Mr. Turner On Film - Chipping Away At The Art Biopic
With the opening of Mike Leigh's film 'Mr. Turner', starring Timothy Spall as the great British painter Joseph Mallard William Turner, Artlyst turns its eye toward the art biopic. Considering the visual nature of art and film, one may think visual art a fitting topic for celluloid - or is experiencing the clichéd story arc of suffering for one's art to become great like chipping away at a large block of marble?
Whether a great biopic or a terrible one; most fit a template based on a particular romantic cliché of a misunderstood genius, tortured by his or her need to create.

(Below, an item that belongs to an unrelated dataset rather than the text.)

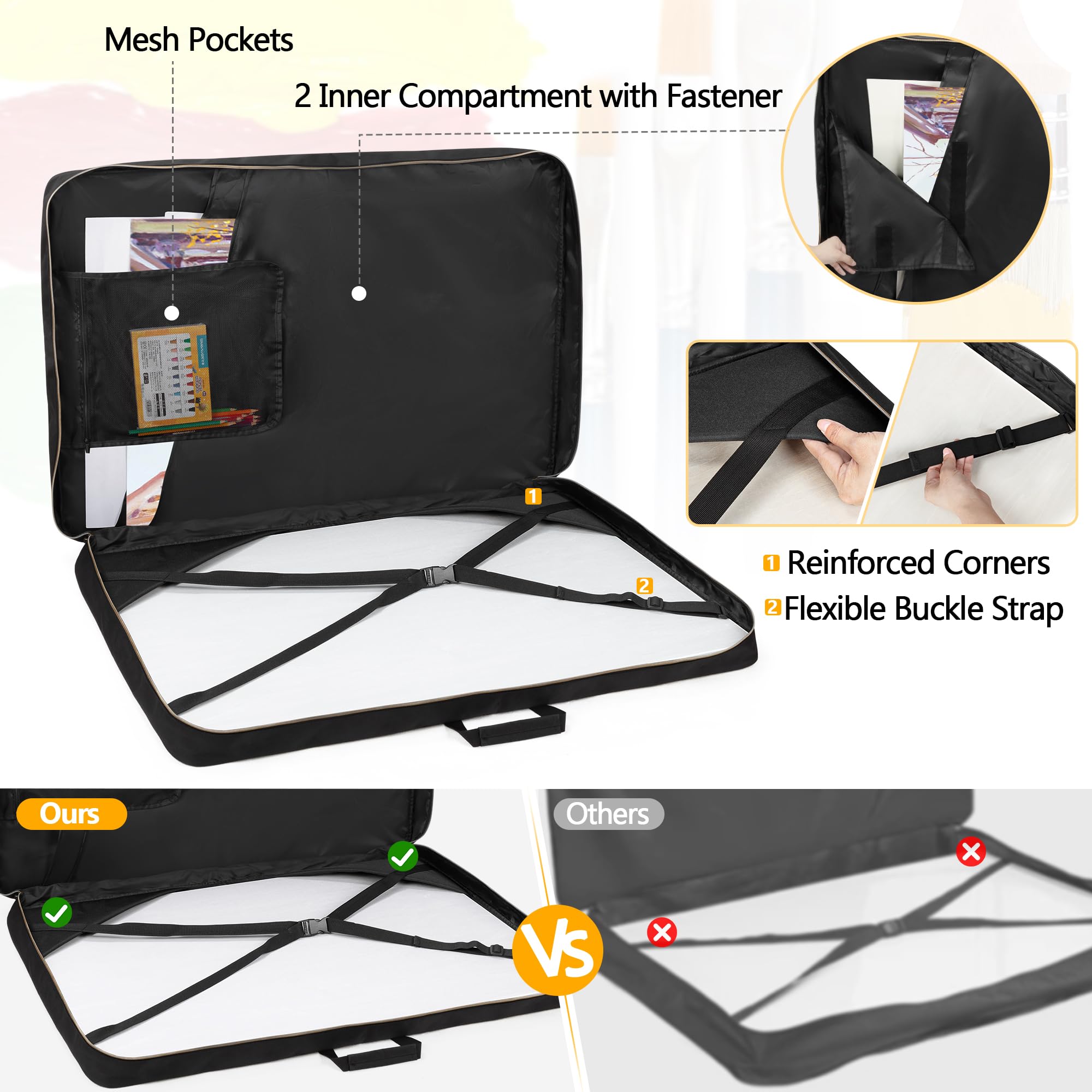Damero A1 Sacs de Transport pour Fournitures d'art, Portefeuille d'artiste, étui pour Fournitures de Croquis, Grand étui pour tampons de Peinture, Organisateur d'artiste, Noir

The focus of all art biopics invariably rests on the character of the artist and negates any detailed summation of the art; an example of this would be the Merchant-Ivory drama 'Surviving Picasso' - with Anthony Hopkins' shaved cranium shining at the camera - which tells the story of Francoise Gilot, the only lover of Pablo Picasso who was 'strong enough to withstand his ferocious cruelty'. The focus of the film is not only on Picasso himself; but all the artworks that appear on film are in fact fictitious works; as any reproductions of Picasso's artwork were not allowed to be used in the film - however, the estates of Henri Matisse and Georges Braque did allow their work to be represented - an art biopic without the art? One wonders what the actual point is?

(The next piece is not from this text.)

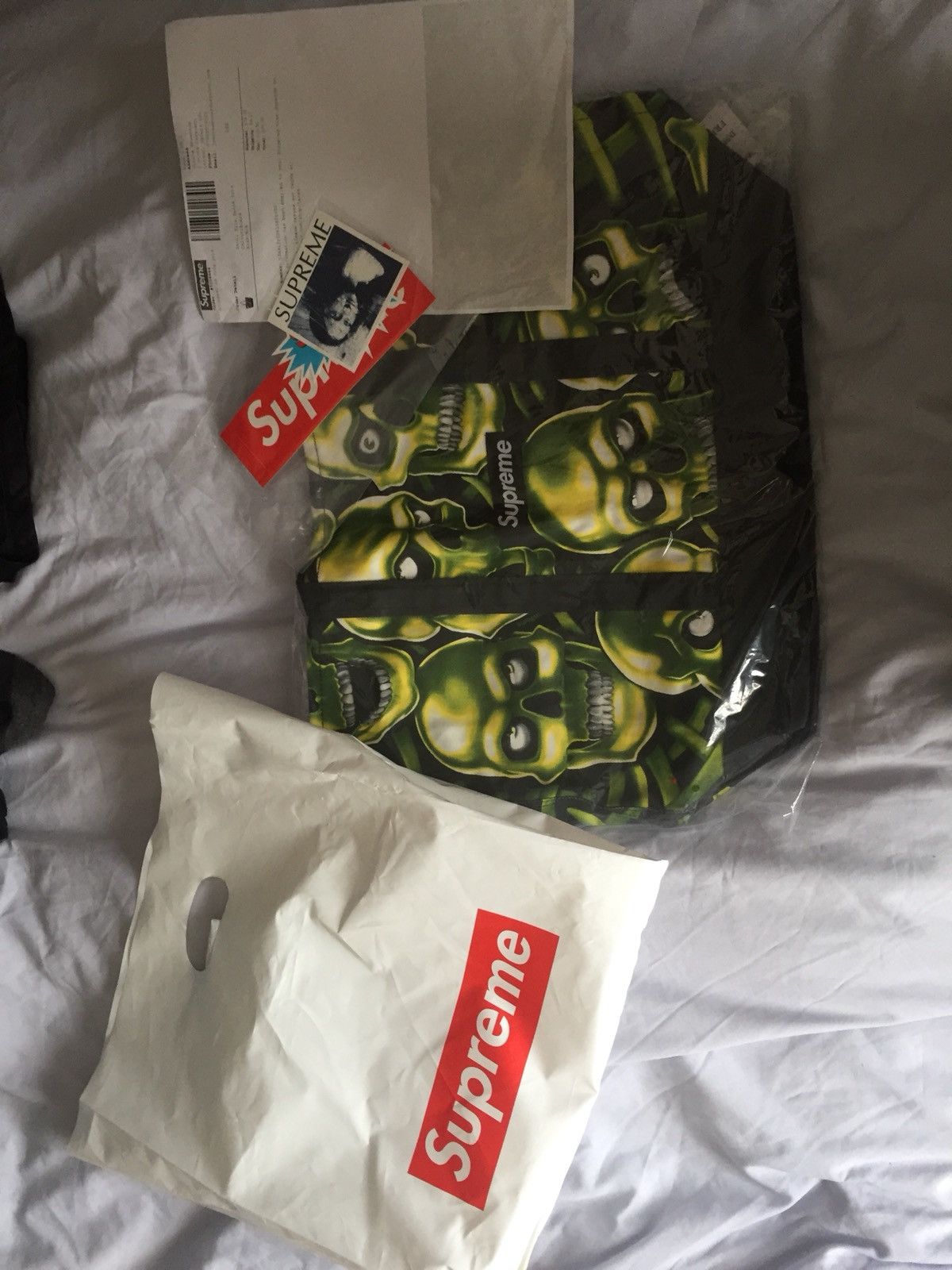 Supreme Skull Pile Denim Tote (SS18) - $98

Having said this; it isn't to say that all art biopics should be conservatively documentary in nature; one cannot help but smile at films such as 'The Agony And The Ecstasy', and 'Lust For Life' - where a muscled and butch Charlton Heston stands off against a slightly camp Rex Harrison, like two gun-slinger's in a 'art western', or Kirk Douglas' portrayal of a drooling, and drawling Vincent van Gogh. Both of which are rather wide of the mark but deeply entertaining. Just as I love to chuckle at David Bowie's portrayal of Andy Warhol, alongside Dennis Hopper in the Julian Schnabel directed bio 'Basquiat'. Such is the director's inability to avoid his own ego; that Schnabel has the ever-intense Garry Oldman play his part in the proceedings; where Oldman portrays Schnabel as the great and wise benefactor; the only sane voice in the film.

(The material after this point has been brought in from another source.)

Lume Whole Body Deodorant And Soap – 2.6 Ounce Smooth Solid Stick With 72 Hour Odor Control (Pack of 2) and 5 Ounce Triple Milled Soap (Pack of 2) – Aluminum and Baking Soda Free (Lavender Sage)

So sometimes the bending of the truth can lead to entertaining fare, or even farce, but surely this goes against the supposed nature of a biography? It could be argued that the truth of these artist's lives are always subjective tales; sometimes entertaining - but also - it could be said; a little depressing on occasion. John Maybury's film 'Love Is the Devil: Study for a Portrait of Francis Bacon' [gasp]; is a great film, and actually has a great performance by British thesp Derek Jacobi as the hard-boiled Francis Bacon. The biopic revolves around Bacon slowly torturing his lover, George Dyer, to death - metaphorically speaking, I think, considering the painter's predilections - with a lisping Tilda Swinton as the dystopic Murial Belcher watching through the twisted lens of a champagne glass - yet this is also another film where the estate of the artist refused license to use images of actual paintings. A film about Francis Bacon without a Pope screaming from his entombed void hardly bares consideration?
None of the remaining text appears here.